» **DIRECTIONS**: Please write the data out once more, exactly as it is given.

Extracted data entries
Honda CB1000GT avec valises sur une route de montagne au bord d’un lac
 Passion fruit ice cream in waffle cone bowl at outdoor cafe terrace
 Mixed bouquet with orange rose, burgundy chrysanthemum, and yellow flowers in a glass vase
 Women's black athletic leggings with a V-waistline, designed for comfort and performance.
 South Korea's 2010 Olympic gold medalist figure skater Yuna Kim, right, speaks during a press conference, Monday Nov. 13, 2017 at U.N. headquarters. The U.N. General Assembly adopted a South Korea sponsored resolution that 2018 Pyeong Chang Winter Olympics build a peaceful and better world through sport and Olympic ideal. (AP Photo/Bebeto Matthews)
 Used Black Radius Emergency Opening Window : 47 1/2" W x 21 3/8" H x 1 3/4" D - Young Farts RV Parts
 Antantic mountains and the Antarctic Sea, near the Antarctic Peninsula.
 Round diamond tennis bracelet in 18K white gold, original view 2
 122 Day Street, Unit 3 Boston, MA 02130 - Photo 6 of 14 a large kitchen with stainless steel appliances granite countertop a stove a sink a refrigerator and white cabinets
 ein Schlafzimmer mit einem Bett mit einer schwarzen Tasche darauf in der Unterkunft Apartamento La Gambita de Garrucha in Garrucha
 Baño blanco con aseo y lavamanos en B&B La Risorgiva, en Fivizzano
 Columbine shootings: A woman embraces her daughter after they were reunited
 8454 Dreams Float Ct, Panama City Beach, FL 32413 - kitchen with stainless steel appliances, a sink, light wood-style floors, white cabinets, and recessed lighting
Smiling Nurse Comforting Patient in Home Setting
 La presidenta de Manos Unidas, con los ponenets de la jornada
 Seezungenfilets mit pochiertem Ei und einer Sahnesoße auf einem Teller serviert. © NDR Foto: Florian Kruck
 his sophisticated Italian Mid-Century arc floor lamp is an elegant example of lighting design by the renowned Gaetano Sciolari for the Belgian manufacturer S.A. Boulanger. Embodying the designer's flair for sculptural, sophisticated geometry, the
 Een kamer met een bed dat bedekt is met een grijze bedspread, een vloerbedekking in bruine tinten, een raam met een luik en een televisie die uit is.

» **TASK OUTPUT**:
Honda CB1000GT avec valises sur une route de montagne au bord d’un lac
 Passion fruit ice cream in waffle cone bowl at outdoor cafe terrace
 Mixed bouquet with orange rose, burgundy chrysanthemum, and yellow flowers in a glass vase
 Women's black athletic leggings with a V-waistline, designed for comfort and performance.
 South Korea's 2010 Olympic gold medalist figure skater Yuna Kim, right, speaks during a press conference, Monday Nov. 13, 2017 at U.N. headquarters. The U.N. General Assembly adopted a South Korea sponsored resolution that 2018 Pyeong Chang Winter Olympics build a peaceful and better world through sport and Olympic ideal. (AP Photo/Bebeto Matthews)
 Used Black Radius Emergency Opening Window : 47 1/2" W x 21 3/8" H x 1 3/4" D - Young Farts RV Parts
 Antantic mountains and the Antarctic Sea, near the Antarctic Peninsula.
 Round diamond tennis bracelet in 18K white gold, original view 2
 122 Day Street, Unit 3 Boston, MA 02130 - Photo 6 of 14 a large kitchen with stainless steel appliances granite countertop a stove a sink a refrigerator and white cabinets
 ein Schlafzimmer mit einem Bett mit einer schwarzen Tasche darauf in der Unterkunft Apartamento La Gambita de Garrucha in Garrucha
 Baño blanco con aseo y lavamanos en B&B La Risorgiva, en Fivizzano
 Columbine shootings: A woman embraces her daughter after they were reunited
 8454 Dreams Float Ct, Panama City Beach, FL 32413 - kitchen with stainless steel appliances, a sink, light wood-style floors, white cabinets, and recessed lighting
Smiling Nurse Comforting Patient in Home Setting
 La presidenta de Manos Unidas, con los ponenets de la jornada
 Seezungenfilets mit pochiertem Ei und einer Sahnesoße auf einem Teller serviert. © NDR Foto: Florian Kruck
 his sophisticated Italian Mid-Century arc floor lamp is an elegant example of lighting design by the renowned Gaetano Sciolari for the Belgian manufacturer S.A. Boulanger. Embodying the designer's flair for sculptural, sophisticated geometry, the
 Een kamer met een bed dat bedekt is met een grijze bedspread, een vloerbedekking in bruine tinten, een raam met een luik en een televisie die uit is.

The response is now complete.